In recent years, the deoxyribose backbone of DNA has been employed as a scaffold for the design of multichromophoric systems. Base substitutions have been made with phenanthrenes and pyrenes,[19,20] clusters of methyl red and naphthyl red dyes[21,22] and bipyridyl and biphenyl moieties.[23] Pyrenes have also been covalently attached to the 5′ position of uridine to form regular helical π arrays along the major groove of the DNA duplex.[24,25] Besides DNA, multilabeling of other nucleic acid architectures, for example, RNA[26] and LNA,[27] have also been carried out. Noncovalent assembly of chromophores on the DNA structure has also been observed with intercalating dyes.[28]

Our laboratory has developed a novel system of discrete fluorophores built on the deoxyribose–phosphate backbone, called oligodeoxyfluorosides (ODFs), in which consecutive aromatic fluorophores, such as pyrene, perylene and benzopyrene, replace the natural DNA bases.[29,30] This DNA-like structure allows aromatic fluorophores to interact electronically in the ground state through π stacking, and results in multiple forms of energy and excitation transfer in the excited state. Excimers and exciplexes are commonly observed and result in large Stokes’ shifts of more than 200 nm.[31] By varying the length, monomers and sequence, highly diverse and tunable properties result; for example, sets of dyes with multiple emission colors have been identified that can be excited at one excitation wavelength.[32] In addition to their useful photophysical properties, ODFs have the advantages of being readily synthesized in any sequence on an automated DNA synthesizer; moreover, the anionic DNA backbone renders them water soluble.

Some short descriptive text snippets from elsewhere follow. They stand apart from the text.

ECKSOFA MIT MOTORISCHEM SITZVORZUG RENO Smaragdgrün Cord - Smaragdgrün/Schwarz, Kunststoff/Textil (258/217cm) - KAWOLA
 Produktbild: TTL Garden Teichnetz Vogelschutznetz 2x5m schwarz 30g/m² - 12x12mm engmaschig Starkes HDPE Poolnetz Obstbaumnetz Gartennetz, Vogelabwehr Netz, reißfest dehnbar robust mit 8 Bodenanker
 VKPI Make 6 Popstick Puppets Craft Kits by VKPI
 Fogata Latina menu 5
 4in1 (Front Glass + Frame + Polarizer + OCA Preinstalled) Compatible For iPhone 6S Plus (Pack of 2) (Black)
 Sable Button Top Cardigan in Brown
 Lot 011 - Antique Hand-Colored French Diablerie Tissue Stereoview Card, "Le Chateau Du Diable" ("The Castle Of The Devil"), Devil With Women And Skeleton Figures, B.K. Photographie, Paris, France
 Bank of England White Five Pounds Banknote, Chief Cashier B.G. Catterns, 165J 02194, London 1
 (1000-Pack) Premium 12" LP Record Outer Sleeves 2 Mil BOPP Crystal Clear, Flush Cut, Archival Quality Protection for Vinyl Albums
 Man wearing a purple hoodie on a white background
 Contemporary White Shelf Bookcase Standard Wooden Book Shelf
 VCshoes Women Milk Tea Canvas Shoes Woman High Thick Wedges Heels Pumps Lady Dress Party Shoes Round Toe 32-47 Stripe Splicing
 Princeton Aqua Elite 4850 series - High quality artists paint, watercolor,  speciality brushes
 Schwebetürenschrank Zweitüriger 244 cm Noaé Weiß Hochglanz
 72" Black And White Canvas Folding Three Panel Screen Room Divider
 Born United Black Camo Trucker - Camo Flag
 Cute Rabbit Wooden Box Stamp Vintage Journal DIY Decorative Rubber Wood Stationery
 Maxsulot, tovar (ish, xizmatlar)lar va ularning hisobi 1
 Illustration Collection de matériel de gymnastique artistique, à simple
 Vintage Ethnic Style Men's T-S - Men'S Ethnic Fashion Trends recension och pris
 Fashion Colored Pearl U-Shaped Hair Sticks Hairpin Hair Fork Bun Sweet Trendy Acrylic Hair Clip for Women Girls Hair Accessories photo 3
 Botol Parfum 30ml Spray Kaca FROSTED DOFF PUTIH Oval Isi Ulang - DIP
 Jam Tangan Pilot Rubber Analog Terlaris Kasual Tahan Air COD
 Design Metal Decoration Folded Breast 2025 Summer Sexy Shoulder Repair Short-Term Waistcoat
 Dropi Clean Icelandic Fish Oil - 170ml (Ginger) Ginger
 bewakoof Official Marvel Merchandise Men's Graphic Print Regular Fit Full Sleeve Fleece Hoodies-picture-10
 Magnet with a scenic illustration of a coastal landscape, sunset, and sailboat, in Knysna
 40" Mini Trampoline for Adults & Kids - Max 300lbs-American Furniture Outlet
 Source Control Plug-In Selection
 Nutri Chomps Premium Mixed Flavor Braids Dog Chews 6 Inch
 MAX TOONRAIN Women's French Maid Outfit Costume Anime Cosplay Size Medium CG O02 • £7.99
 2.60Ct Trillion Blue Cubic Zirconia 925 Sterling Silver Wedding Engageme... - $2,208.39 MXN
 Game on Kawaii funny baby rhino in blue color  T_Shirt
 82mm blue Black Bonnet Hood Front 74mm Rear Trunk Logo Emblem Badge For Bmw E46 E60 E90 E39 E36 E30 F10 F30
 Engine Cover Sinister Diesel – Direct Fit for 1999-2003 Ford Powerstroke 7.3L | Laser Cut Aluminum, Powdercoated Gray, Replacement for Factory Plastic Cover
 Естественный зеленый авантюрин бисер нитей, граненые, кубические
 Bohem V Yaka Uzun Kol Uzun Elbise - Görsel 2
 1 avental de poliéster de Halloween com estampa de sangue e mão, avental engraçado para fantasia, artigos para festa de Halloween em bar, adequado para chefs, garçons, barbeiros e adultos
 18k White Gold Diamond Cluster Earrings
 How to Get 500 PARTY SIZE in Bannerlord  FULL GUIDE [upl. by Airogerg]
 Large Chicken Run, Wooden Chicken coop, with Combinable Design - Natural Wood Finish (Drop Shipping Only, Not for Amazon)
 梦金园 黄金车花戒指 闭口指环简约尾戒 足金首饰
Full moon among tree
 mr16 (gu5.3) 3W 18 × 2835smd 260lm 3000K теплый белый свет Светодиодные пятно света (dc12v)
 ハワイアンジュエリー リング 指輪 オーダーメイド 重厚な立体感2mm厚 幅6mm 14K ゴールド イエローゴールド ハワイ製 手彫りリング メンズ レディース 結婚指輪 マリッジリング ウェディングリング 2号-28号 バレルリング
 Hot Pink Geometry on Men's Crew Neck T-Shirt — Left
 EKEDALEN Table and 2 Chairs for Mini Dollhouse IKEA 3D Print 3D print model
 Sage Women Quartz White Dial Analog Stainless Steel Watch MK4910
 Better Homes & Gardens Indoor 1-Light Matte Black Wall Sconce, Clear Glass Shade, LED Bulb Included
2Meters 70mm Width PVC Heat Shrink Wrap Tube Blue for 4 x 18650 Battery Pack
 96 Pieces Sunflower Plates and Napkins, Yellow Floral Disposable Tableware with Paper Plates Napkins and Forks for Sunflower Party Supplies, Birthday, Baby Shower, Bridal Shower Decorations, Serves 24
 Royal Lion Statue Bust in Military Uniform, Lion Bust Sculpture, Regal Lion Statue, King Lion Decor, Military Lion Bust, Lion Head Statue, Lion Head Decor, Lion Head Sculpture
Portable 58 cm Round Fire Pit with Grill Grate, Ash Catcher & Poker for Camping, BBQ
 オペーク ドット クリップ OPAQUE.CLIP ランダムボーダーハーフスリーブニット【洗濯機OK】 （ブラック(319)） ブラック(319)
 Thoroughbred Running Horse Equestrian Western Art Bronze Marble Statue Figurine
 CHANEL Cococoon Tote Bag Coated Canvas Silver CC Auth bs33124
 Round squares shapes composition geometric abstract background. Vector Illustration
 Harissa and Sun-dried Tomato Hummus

We previously reported the highly efficient quenching properties of oligomeric pyrene excimers (not conjugated to DNA) using methyl viologen as a free quencher.[33] The quenching efficiency, with Stern–Volmer constants up to 4.7 × 106M−1 was comparable to those observed in conjugated polymers. This observation raised a number of questions. For example, are pyrene excimers, which are especially long lived, particularly prone to this quenching, or are other ODF sequences and types of excited states viable as well? Second, is methyl viologen unique as a highly effective quenching partner because of its dicationic, flat aromatic structure, or can other common quenchers exhibit such effects? Third, can ODFs be conjugated to a biomolecule, for example, DNA, and still retain their ability to be quenched by common quenchers?

Here, we investigate these issues by conjugating a variety of ODFs to a 14-mer oligonucleotide strand. The effect of conjugation to DNA on the quenching properties is investigated, as is the effect of varied chromophore sequence and composition. We also report on the use of dabcyl, a common quencher in DNA fluorogenic probes, as an efficient quencher of an assortment of sequences of ODFs. We find that the susceptibility of ODFs to efficient quenching depends upon the formation of delocalized excited states, such as excimers or exciplexes. As a result, quenching efficiency is highly dependent not only on ODF composition, but also on sequence, as demonstrated by a number of ODF sequence anagrams that have very different properties. The results underscore that polyfluorophore systems can behave as cooperative units in the excited state, and that close interactions of neighboring chromophores can have a strong influence on their properties.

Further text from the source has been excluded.